Published in Transportation

Germany to extend electric company car tax incentives

by on18 February 2019


The technology needs to grow

German Finance Minister Olaf Scholz plans to extend tax incentives for electric company cars the government’s latest attempt to boost demand for clean vehicles.

Germany is trying to increase electric car sales in the wake of a diesel emissions cheating scandal that has engulfed its auto industry in the last three years.

Scholz told the Frankfurter Allgemeine Sonntagszeitung newspaper that half of all cars sold in Germany were company cars.

“So I have decided that we will not end tax support for electric cars and plug-in hybrid company cars in 2021 but extend them maybe over the whole decade,” he said, adding that would help improve air quality and meet climate goals.

The rules for plug-in hybrids would be tightened so that only cars that can travel on electric power further than they do today would be eligible.
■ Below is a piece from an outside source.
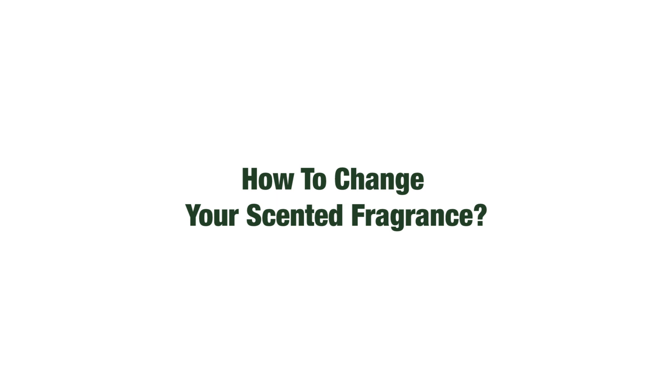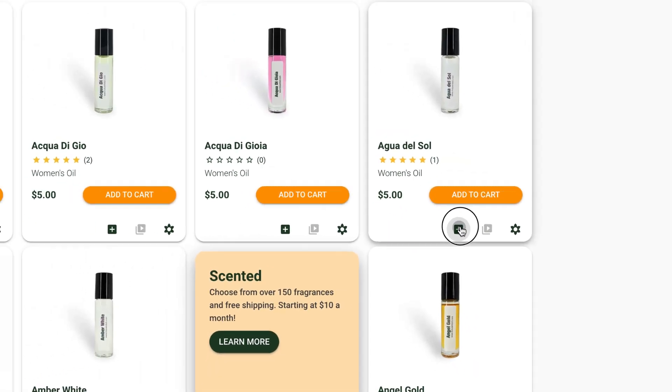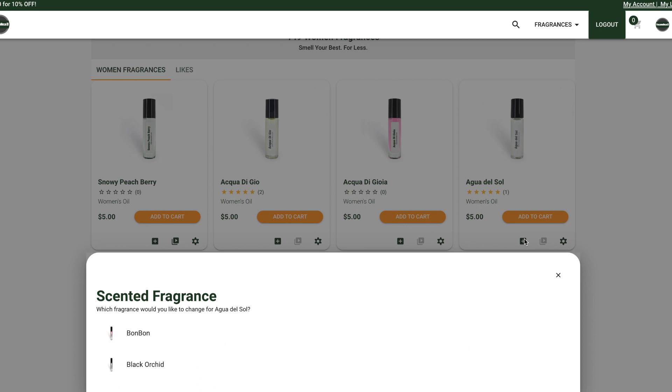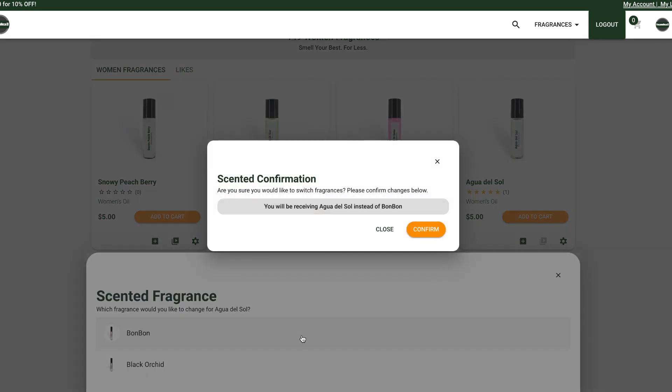Today we will learn how to change your scented fragrances from the fragrance list. Press the plus button and you should see a dialog show up. Click the fragrance you would like to replace and confirm your choice.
Since January, drivers of electric company cars which they also use for private journeys pay less tax than they would for a vehicle with a combustion engine.

Government subsidy schemes have helped boost sales, but even with rising demand, electric cars made up only 1 per cent of new car registrations last year, according to the KBA motor vehicle authority.

The government has acknowledged it will miss its target of having a million electric vehicles on the road by 2020 by two years.